What needs to be done> The first line of the entries is where the copy starts and the line with "Marc Jacobs Pink" is where it ends; set down each line exactly, both ends included, and drop pictures.

Records from a data source:
Start of Block

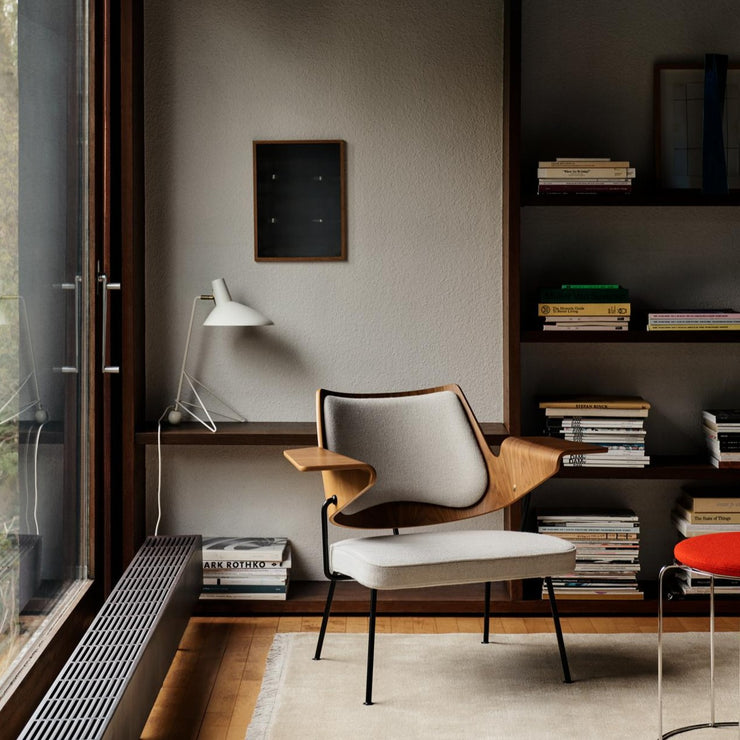 Teppet The Moor Rug fra andTradition i fargen Beige Dew, med frynser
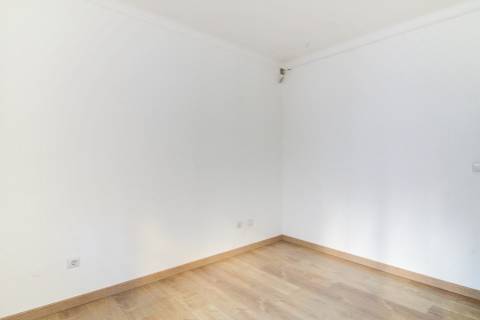 Apartamento T2 com 2 WC Renovado com lugar de parqueamento em garagem e sotão em Vila Real de Santo António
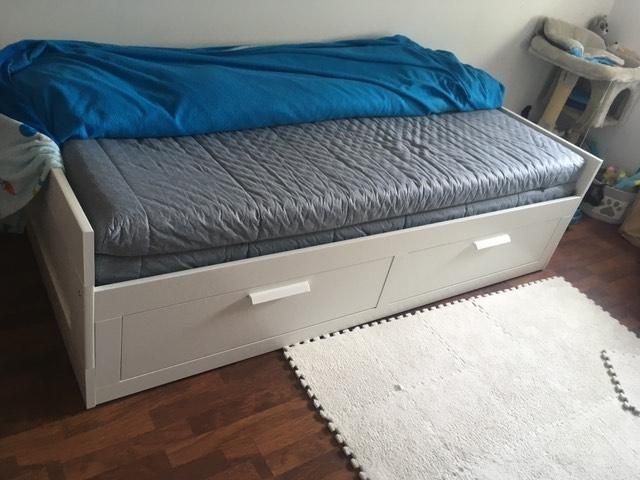 Cama dupla solteiro
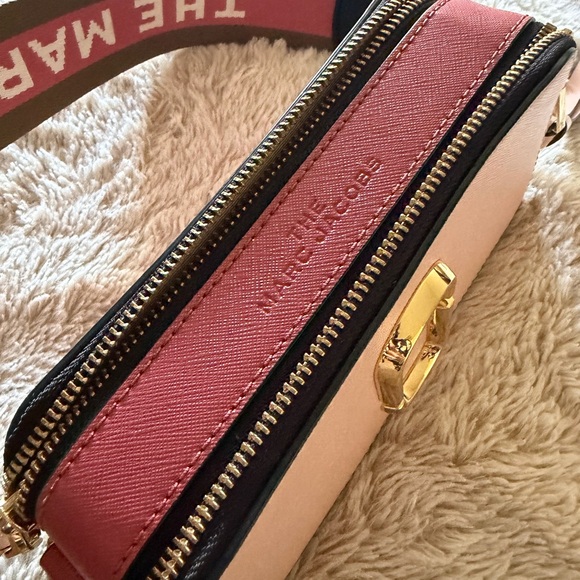 Marc Jacobs Pink Leather Crossbody Camera Bag with Gold Hardware - Picture 9 of 11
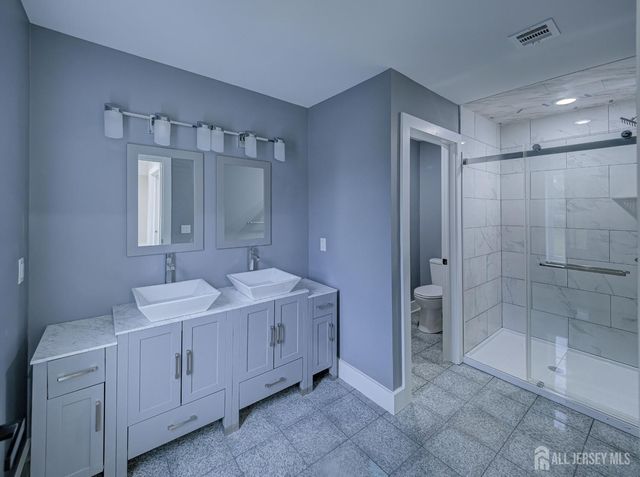 8 travers Avenue, Edison, NJ 08817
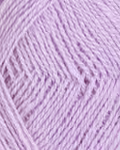 close up af garnet finull fra Rauma i farven lys lilla 4306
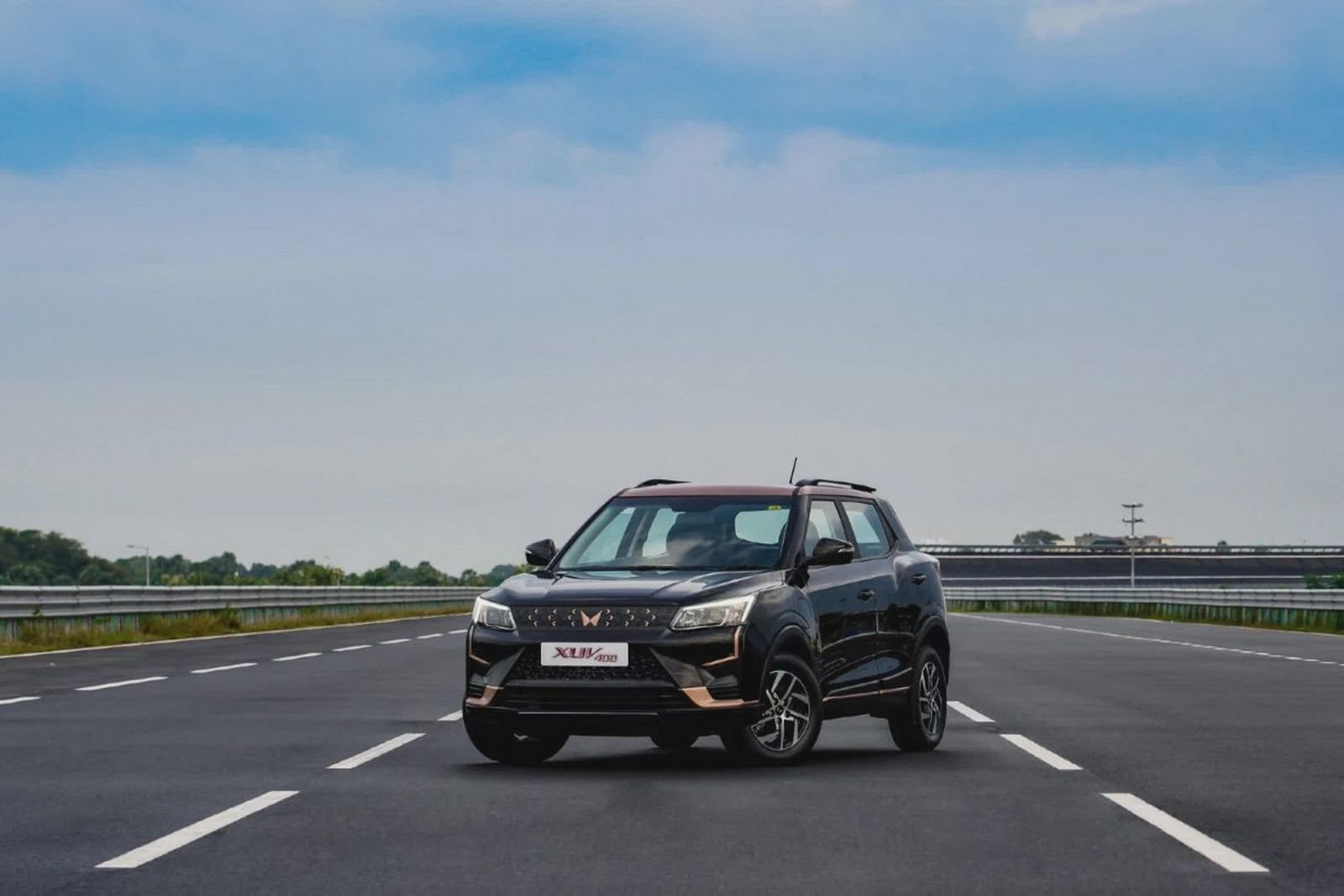 MAHINDRA XUV400, foto 11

End of Block

Exercise result>
 Teppet The Moor Rug fra andTradition i fargen Beige Dew, med frynser
 Apartamento T2 com 2 WC Renovado com lugar de parqueamento em garagem e sotão em Vila Real de Santo António
 Cama dupla solteiro
 Marc Jacobs Pink Leather Crossbody Camera Bag with Gold Hardware - Picture 9 of 11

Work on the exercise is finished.